LINGUIST List 7.1661

Sat Nov 23 1996

Sum: Corpus design

Editor for this issue: Susan Robinson <robinsonemunix.emich.edu>


Directory

  1. Adrian Clynes, Summary, corpus query

Message 1: Summary, corpus query

Date: Thu, 21 Nov 1996 08:29:38 +0800
From: Adrian Clynes <aclynesubd.edu.bn>
Subject: Summary, corpus query

Here are edited responses to a query about
corpus-design-for-beginners, posted to the List on 2 November. Many
thanks to the following for their time and suggestions: Imran Ho
imran.hostonebow.otago.ac.nz, Ellen Gurman Bard, ellenling.ed.ac.uk,
Claire Warwick <claire.warwickcomputing-services.oxford.ac.uk>, and
Michael Barlow <barlowruf.rice.edu>:

1) From Imran Ho <imran.hostonebow.otago.ac.nz>

1.i am sure you must be aware of the corpora list (ICAME) which
contains specific discussion of corpus linguistics. They also have a
list of software which might be of interest to your colleagues at
UBD. Altenberg's bibliography is a good place for references and is
available from the same site. 
2. i am currently compiling a corpus of written Malaysian English -
following the organisation of the LOB/Brown and Wellington corpus of
NZ English. I use the Oxford Concordance Programme for extracting the
info i need from the ME corpus. I have also tried MonoConc (available
on both Mac and PC) [AC: see Michael Barlow's response below ]and the
programme seems to be a very user friendly programme.
3. For tagging ... try the Birmingham Tagger (via e-mail), however,
with a learners' corpus beware... the tagger has an accuracy of (i
would guess based on the tagging I have done -- around 80%)..so alot
of editing is needed.
4. Hardware is not really a problem...For my corpus of newspaper text,
most of the texts are already in electonic form and only needed to be
downloaded. The rest of the texts are scanned using Calera
WordScan. The storage space for 44 texts of 2,000 wds is around
612k. So if you have 500 texts you might need 6Mb of disc space. I
store my documents in text format (ascii).
5. There is a particular stage of corpus development which needs
careful thought at some stage ... ie. the reference and mark up for
the texts. Imran


2) From: Ellen Gurman Bard (ellenling.ed.ac.uk)
For some examples of design and collection techniques for spoken
corpora, you might want to have a look at:

Anderson, A. H., Bader, M., Bard, E. G., Boyle, E., Doherty, G.,
Garrod, S., Isard, S., Kowtko, J., McAllister, J. M., Miller, J.,
Sotillo, C., Thompson, H., Weinert, R. (1991). The HCRC Map Task Corpus.
LANGUAGE AND SPEECH, 34(4), 351-66.

Bard, E. G., Sotillo, C. F., Anderson, A. H., and Taylor, M. M. (in
press). The DCIEM Map Task Corpus: Spontaneous Dialogue under Sleep
Deprivation and Drug Treatment. SPEECH COMMUNICATION.

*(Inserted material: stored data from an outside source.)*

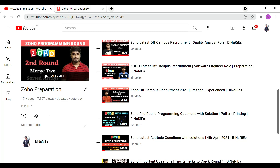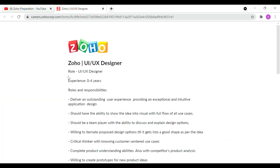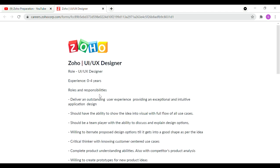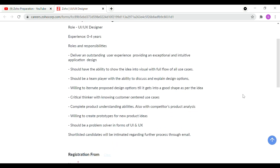Now we are going to apply for the UI UX Designer role. The experience required is 0 to 4 years. Looking at the roles and responsibilities: you need to deliver an outstanding user experience and provide an exceptional and intuitive application design.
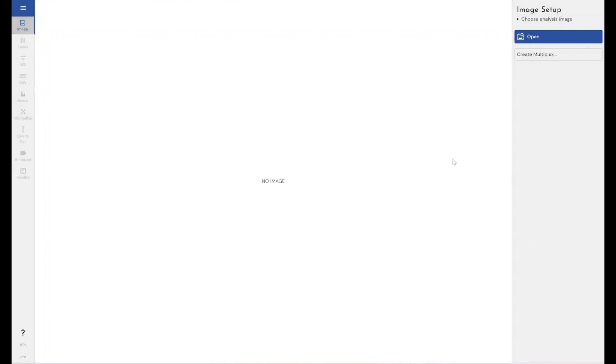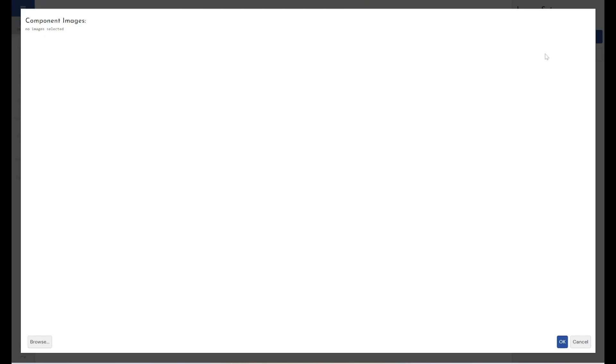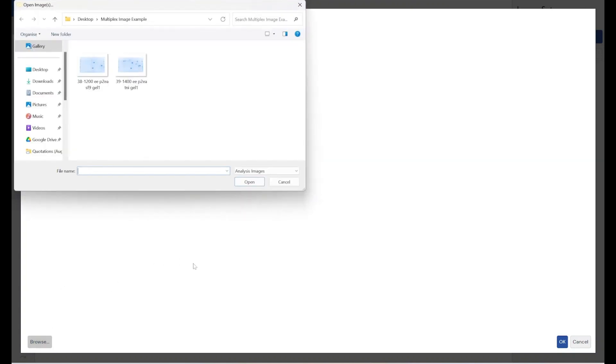To create multiplex images within Phoretix 1D, we open up Phoretix 1D and before inserting an image we get these options. You've got the option to open an image and the option to create a multiplex image. So we want to go ahead and click create multiplex and we'll be presented with this window here. Now you can drag images in from Windows or Mac file explorer or you can use the browse tool here.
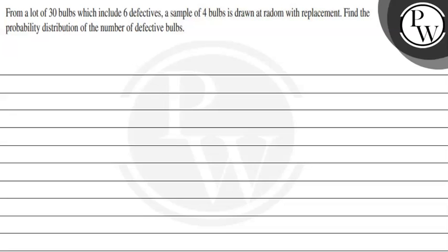Hello, let's see the question. The question says: from a lot of 30 bulbs which includes 6 defectives, a sample of 4 bulbs is drawn at random with replacement. Find the probability distribution of the number of defective bulbs.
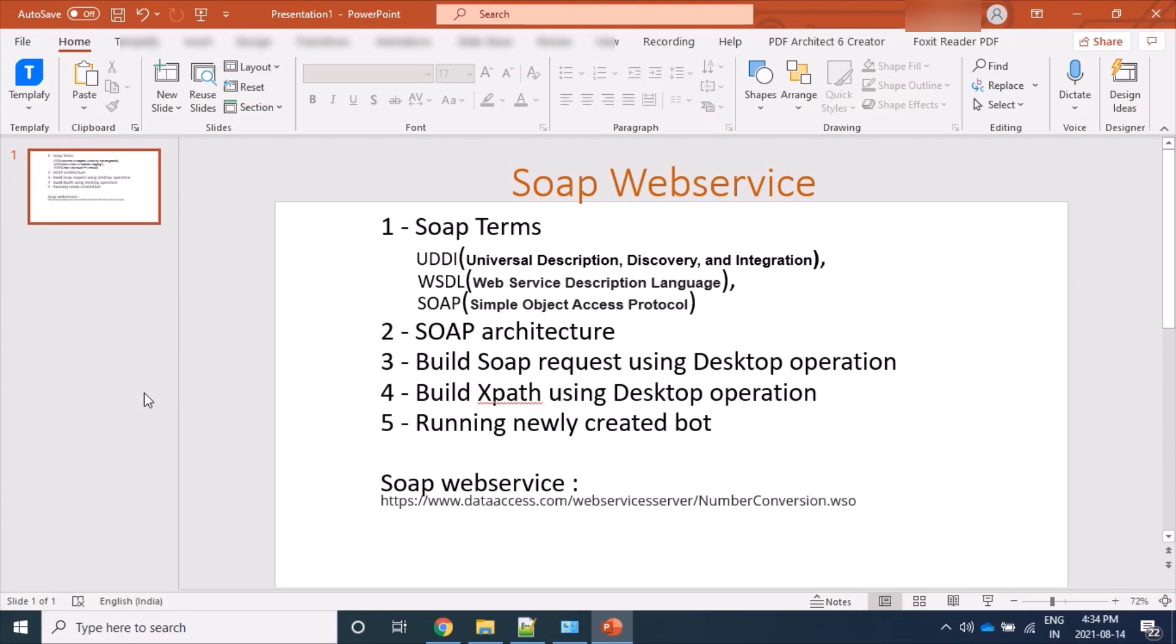Hello guys, welcome back to my channel. Today we will learn SOAP web service command in Automation Anywhere 360 platform. In this video we will cover topics like SOAP terms, UDDI, WSDL, SOAP architecture, building SOAP request using desktop operation, building XPath using desktop operation, and running newly created bot.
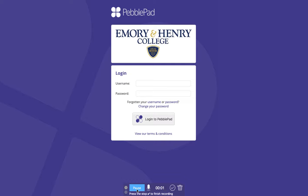I'll try to clarify a common issue that comes up with logging into PebblePad. PebblePad is single sign-on, which means that PebblePad doesn't have a separate username and password — it's always your current Emory & Henry login.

or (1996) PROCEEDINGS OF INTERNATIONAL CONFERENCE ON SPEECH
AND LANGUAGE PROCESSING


3) From: Claire Warwick <claire.warwickcomputing-services.oxford.ac.uk>

You may like to look at the web page for the British
National Corpus, at http://info.ox.ac.uk/bnc. It
should provide you with some of the
information that you need.

4) From: Michael Barlow <barlowruf.rice.edu>

You might look at my corpus linguistics page:
http://www.ruf.rice.edu/~barlow/corpus.html

I have developed a couple of concordance programs. MonoConc for
Windows is a commercial program published by Athelstan (my
company). 
You can download a demo from http://www.nol.net/athel.html.
A Hypertalk-based Mac concordancer (MonoConc) can be downloaded from:
http://www.ruf.rice.edu/~barlow/mono.html.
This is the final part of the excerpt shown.